Text to Speech#

Overview#

On all platforms, an external TTS (Text to speech) application may be defined by the --voice-command option. Alternately, on POSIX platforms, a speech library may be dynamically loaded at run time. This requires the desired speech library to have been available when mwp was compiled.

Built-in libraries#

Espeak / Espeak-ng
Speech Dispatcher
Flite

None of these provide very good speech synthesis

External Commands#

You can use an external command on all platforms (it is the only option on Windows).
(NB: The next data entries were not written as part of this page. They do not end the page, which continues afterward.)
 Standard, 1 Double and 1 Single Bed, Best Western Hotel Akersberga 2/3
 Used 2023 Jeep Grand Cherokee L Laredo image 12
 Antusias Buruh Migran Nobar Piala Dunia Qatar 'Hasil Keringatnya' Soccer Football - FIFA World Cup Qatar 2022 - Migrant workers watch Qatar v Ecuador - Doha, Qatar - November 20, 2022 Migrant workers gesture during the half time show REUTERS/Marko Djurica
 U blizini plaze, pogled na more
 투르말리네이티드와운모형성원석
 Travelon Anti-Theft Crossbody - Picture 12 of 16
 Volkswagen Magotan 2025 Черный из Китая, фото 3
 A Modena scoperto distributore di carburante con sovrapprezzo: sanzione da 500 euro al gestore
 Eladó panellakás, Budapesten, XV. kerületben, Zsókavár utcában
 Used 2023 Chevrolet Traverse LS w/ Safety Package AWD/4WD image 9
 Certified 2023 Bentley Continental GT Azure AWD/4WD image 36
Any external speech command should:

Read lines of text to be spoken from stdin (standard input)
Directly output the synthesised speech
Only require invoking once, reading stdin for new text until it is closed.

External command usage#

The simplest way is to add a --voice-command line to your cmdopts file.

Examples:

# Espeak-ng
--voice-command="espeak-ng"

# Speech Dispatcher
--voice-command="spd-say -t female2 -e"

# piper-tts
# Choose your model, I have like the Scottish lady ...
#VMODEL=/usr/share/piper-voices/en/en_GB/jenny_dioco/medium/en_GB-jenny_dioco-medium.onnx
#VMODEL=/usr/share/piper-voices/en/en_GB/aru/medium/en_GB-aru-medium.onnx
VMODEL=/usr/share/piper-voices/en/en_GB/alba/medium/en_GB-alba-medium.onnx
--voice-command="sh -c \"piper-tts -q --model $VMODEL --output-raw | aplay -q -r 22050 -f S16_LE -t raw -\""
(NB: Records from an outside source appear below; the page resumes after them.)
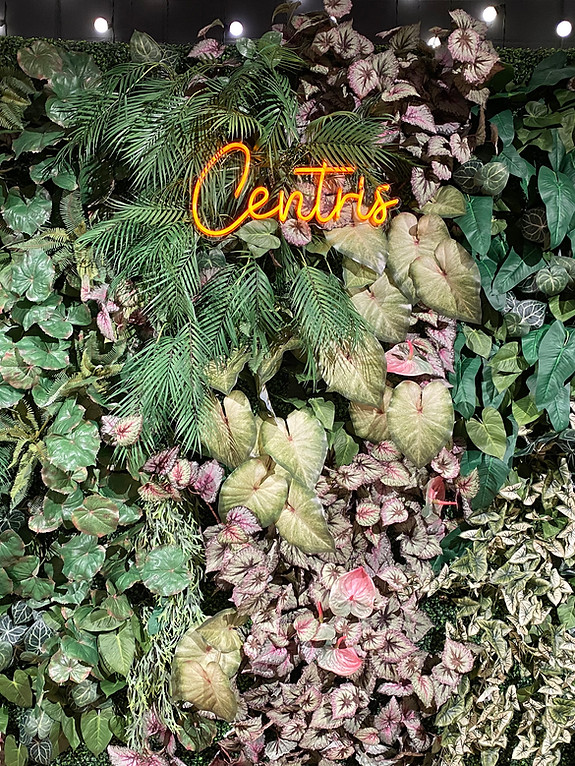 Luxuriöse grüne Dschungelwand mit Neon Schriftzug – Fotohintergrund für Hochzeit, Event un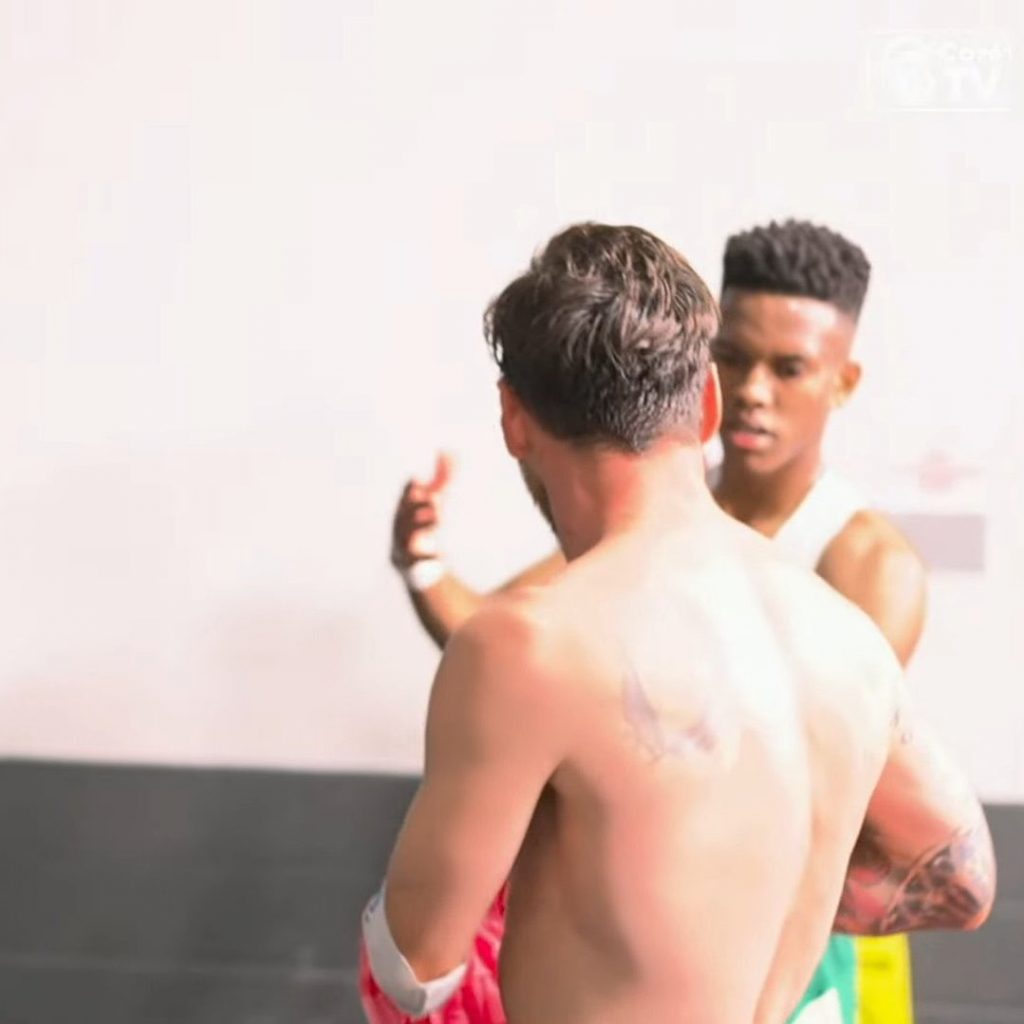 Leo Messi and Willian Estêvão Make Headlines by Swapping Shirts at Half Time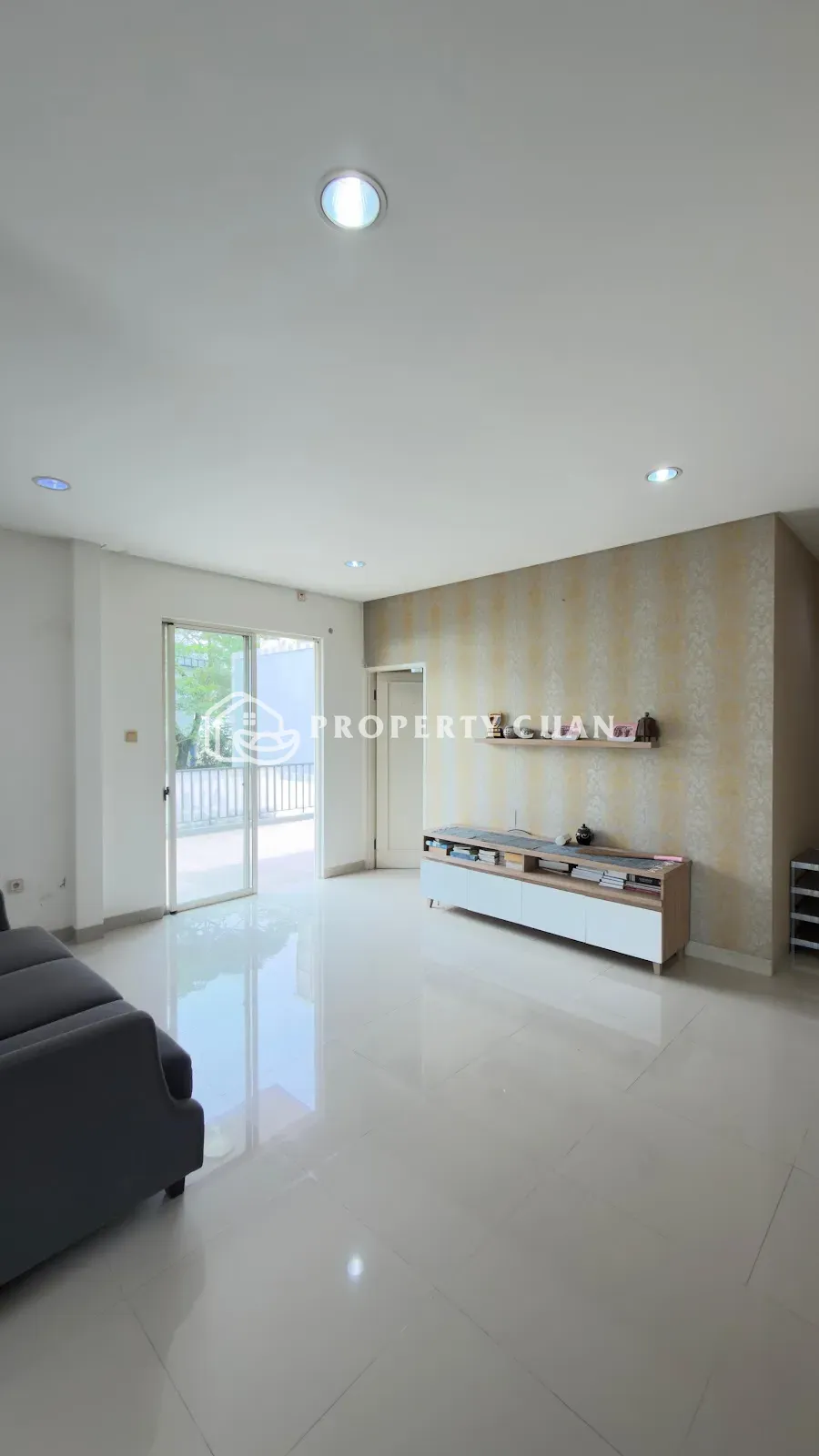 Rumah dijual di Jade, BSD - Ruang Tamu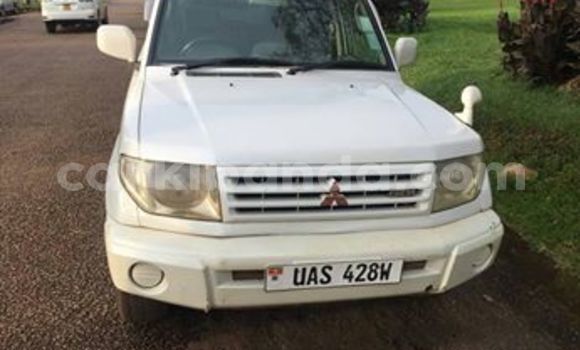 Buy Used Mitsubishi Pajero iO White Car in Kampala in Uganda Buy Used Mitsubishi Pajero iO White Car in Kampala in Uganda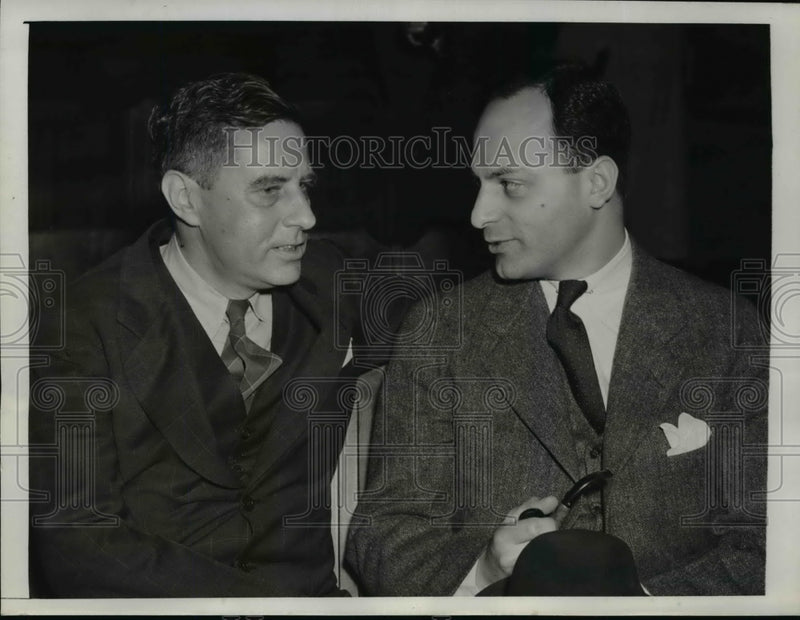 Load image into Gallery viewer, 1940 Press Photo Edwyn Smith, Louis Newman at House Committee Investigating NLRB
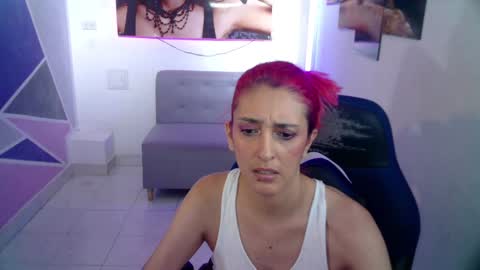 ruby_your_milf online show from 01-08-25, 02:25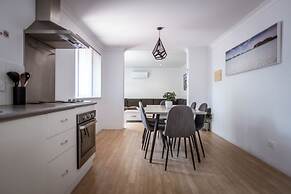Archipelago Apartments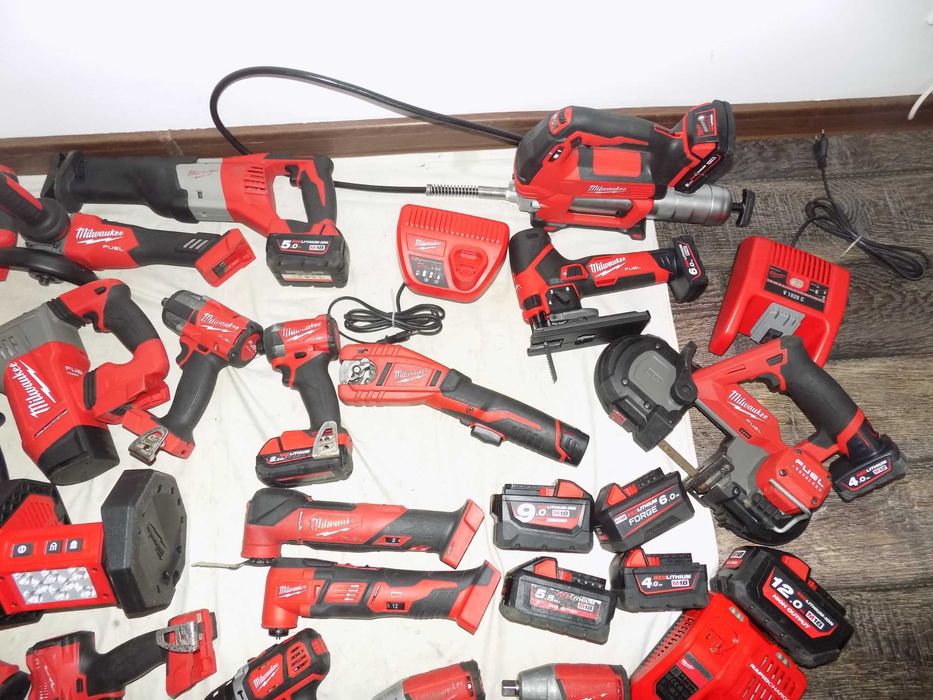 Scule Milwaukee 18V  si 12V , fierastrau M 12 FBS 64 , M 12 FJS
In the piper-tts example, (by far the best TTS for Linux), the voice model file is defined by an environment variable VMODEL which is evaluated by mwp before the voice command is invoked, making it easy to test out different voices.

Flite specifics#

mwp can use the flite text to speech engine directly (as well as espeak or speech-dispatcher. Flite is enabled if:

You have the flite development files installed

Flite is available at run-time if:

The flite version is 2.0 or later.

Unfortunately, it is non-trivial to detect the flite version at mwp build time.

Flite provides reasonable quality voices with low overhead, including some female voices.

Configuration#

Flite is configured using two gsettings keys:

Key	Usage
`speech-api`	Defines the speech API to be used, one of `none`, `espeak`, `speechd` or `flite`
`flite-voice`	The voice file to be used. If not specified, the internal `slt` (female) voice is used. The value takes the absolute path name to a voice file, optionally followed by a `,` and a floating point speed factor (see below)

$ gsettings set org.stronnag.mwp speech-api flite
$ gsettings set org.stronnag.mwp flite-voice-file /home/jrh/.config/mwp/cmu_us_clb.flitevox,0.9

Flite Discussion#

Voice Files#

flite can use external voice files that provide better quality than the built-in voices. Your distro may provide these voice files in an optional package, or you can download from http://www.festvox.org, e.g. for flite 2.1 http://www.festvox.org/flite/packed/flite-2.1/voices/ (replace 2.1 with 2.0 etc., not all the 2.1 voices may exist for 2.0). The following script will bulk download the non-Indic voices; you can test them out with the flite application.

#!/bin/bash

BASE=http://www.festvox.org/flite/packed/flite-2.1/voices

for V in cmu_us_aew.flitevox cmu_us_ahw.flitevox cmu_us_aup.flitevox \
  cmu_us_awb.flitevox cmu_us_axb.flitevox cmu_us_bdl.flitevox \
  cmu_us_clb.flitevox cmu_us_eey.flitevox cmu_us_fem.flitevox \
  cmu_us_gka.flitevox cmu_us_jmk.flitevox cmu_us_ksp.flitevox \
  cmu_us_ljm.flitevox cmu_us_lnh.flitevox cmu_us_rms.flitevox \
  cmu_us_rxr.flitevox cmu_us_slp.flitevox cmu_us_slt.flitevox
do
  wget -P . $BASE/$V
done

Replay Speed#

The default replay speed for some flite voices is rather slow. The optional rate setting in the gsettings flite-voice-file key may be used to increase the rate.